Return, from the material below, each line in which "Porsche" occurs.

> _RAW DATA_:
● ● ● ● ●

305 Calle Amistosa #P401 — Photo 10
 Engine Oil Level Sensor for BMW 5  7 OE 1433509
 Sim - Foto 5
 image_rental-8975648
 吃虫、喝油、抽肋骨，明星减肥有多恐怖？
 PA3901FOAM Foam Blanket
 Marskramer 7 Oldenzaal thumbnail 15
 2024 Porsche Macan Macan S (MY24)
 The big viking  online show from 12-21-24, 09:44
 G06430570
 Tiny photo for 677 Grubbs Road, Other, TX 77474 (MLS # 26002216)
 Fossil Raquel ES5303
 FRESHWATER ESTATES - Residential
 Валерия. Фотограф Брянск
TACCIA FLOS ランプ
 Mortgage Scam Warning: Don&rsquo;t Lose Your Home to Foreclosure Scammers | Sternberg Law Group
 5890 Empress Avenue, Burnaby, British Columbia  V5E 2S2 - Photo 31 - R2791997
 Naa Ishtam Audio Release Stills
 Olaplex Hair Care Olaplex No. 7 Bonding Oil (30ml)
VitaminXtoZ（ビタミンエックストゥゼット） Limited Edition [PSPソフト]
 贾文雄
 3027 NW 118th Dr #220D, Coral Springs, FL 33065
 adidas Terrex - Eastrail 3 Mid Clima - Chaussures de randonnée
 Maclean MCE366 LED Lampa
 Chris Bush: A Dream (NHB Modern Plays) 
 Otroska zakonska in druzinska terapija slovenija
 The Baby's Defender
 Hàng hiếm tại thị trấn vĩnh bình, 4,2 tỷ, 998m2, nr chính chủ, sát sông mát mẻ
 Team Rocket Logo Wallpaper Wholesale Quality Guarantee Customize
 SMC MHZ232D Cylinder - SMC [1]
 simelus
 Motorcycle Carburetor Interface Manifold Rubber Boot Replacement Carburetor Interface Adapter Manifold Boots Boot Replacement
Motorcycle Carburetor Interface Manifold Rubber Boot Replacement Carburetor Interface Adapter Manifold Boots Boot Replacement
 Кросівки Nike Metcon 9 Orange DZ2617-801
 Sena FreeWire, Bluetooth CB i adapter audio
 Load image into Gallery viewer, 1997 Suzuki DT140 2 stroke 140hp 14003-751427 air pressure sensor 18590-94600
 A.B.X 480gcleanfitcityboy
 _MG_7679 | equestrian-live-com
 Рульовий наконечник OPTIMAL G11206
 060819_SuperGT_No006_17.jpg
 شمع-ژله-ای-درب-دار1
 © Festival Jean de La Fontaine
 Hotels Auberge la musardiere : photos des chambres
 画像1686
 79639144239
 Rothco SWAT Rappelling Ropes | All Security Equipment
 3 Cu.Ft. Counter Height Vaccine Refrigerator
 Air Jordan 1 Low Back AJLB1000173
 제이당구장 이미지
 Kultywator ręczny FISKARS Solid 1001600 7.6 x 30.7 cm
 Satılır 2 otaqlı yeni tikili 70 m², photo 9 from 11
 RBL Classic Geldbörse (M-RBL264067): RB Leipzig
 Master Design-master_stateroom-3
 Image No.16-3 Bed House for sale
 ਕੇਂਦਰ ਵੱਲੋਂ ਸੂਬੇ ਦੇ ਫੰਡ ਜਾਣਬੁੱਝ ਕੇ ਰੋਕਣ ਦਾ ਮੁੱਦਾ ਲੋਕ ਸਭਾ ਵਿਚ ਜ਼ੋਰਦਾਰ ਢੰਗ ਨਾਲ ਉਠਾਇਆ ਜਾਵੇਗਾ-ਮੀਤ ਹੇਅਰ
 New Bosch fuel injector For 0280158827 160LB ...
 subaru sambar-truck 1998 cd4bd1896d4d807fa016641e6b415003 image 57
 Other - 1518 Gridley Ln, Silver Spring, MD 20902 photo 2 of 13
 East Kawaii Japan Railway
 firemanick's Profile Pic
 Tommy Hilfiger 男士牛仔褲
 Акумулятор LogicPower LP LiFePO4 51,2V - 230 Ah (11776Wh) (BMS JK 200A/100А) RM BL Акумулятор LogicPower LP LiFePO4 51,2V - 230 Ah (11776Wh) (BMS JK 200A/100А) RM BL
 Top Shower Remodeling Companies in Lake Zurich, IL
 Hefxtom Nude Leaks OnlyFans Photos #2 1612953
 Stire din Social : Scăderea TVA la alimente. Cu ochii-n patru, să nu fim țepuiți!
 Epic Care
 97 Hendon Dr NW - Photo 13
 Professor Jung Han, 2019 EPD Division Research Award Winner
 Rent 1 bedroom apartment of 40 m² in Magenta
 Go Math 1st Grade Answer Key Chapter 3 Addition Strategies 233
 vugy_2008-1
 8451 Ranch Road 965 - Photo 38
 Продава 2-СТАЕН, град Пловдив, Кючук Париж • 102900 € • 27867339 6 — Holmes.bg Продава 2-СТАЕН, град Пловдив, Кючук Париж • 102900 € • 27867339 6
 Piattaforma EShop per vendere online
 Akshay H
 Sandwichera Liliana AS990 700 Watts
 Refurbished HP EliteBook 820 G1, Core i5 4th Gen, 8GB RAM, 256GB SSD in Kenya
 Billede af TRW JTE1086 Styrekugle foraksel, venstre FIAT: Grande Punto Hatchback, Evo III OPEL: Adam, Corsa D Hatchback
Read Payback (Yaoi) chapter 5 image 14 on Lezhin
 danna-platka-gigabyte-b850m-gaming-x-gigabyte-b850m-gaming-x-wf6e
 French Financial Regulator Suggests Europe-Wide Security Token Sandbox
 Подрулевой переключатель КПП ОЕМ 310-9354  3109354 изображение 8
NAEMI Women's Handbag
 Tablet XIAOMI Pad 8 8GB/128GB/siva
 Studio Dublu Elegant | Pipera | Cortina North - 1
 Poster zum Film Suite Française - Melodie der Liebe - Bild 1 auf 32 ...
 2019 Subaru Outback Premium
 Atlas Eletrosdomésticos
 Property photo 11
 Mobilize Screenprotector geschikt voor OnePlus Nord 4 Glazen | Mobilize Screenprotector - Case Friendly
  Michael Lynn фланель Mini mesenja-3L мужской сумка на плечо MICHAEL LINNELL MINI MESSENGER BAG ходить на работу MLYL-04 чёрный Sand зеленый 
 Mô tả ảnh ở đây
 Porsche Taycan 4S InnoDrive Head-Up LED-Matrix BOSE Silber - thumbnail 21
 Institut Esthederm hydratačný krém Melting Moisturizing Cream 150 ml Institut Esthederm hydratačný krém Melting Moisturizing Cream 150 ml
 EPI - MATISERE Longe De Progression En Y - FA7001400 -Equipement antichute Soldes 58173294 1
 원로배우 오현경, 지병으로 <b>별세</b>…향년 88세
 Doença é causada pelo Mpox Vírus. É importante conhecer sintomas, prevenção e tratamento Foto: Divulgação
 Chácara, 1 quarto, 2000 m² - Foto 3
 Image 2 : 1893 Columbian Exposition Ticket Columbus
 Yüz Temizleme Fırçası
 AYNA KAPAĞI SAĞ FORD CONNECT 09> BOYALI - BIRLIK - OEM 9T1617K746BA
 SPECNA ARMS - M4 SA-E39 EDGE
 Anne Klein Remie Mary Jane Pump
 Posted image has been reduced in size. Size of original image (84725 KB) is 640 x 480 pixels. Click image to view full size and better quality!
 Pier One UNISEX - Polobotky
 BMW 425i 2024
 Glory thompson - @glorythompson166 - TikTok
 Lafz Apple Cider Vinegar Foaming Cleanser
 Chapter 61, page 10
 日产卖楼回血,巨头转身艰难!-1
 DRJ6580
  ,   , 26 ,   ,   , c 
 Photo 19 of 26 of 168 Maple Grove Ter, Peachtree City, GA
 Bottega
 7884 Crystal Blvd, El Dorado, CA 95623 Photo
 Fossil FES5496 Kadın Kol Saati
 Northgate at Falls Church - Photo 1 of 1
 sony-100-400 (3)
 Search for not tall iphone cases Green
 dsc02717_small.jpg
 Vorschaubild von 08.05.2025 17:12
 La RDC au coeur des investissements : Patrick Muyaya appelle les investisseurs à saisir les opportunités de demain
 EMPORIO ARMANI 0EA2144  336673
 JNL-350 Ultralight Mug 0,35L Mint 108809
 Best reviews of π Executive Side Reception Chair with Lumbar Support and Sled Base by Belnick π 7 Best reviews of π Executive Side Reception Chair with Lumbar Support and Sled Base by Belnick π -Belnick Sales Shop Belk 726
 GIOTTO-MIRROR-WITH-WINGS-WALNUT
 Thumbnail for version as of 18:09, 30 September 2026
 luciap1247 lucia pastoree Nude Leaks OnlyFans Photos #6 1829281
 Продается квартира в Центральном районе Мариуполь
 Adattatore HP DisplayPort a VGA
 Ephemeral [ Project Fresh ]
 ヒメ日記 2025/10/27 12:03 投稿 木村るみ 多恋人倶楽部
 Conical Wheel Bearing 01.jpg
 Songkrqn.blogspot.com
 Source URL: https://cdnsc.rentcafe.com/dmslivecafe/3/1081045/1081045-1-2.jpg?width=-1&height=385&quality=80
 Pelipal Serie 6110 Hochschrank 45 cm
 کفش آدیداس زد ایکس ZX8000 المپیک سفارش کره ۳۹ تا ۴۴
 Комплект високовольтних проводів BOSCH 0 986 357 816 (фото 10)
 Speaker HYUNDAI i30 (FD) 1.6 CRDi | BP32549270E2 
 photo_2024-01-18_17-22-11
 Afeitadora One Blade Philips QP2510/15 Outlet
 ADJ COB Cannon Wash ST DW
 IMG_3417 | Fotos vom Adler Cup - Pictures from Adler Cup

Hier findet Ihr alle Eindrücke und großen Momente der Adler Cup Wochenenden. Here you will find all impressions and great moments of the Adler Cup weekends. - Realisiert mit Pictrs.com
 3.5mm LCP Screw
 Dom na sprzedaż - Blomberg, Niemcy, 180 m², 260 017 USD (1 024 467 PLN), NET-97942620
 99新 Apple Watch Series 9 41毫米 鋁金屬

● ● ● ● ●

> _ANSWER BELOW_:
 2024 Porsche Macan Macan S (MY24)
 Porsche Taycan 4S InnoDrive Head-Up LED-Matrix BOSE Silber - thumbnail 21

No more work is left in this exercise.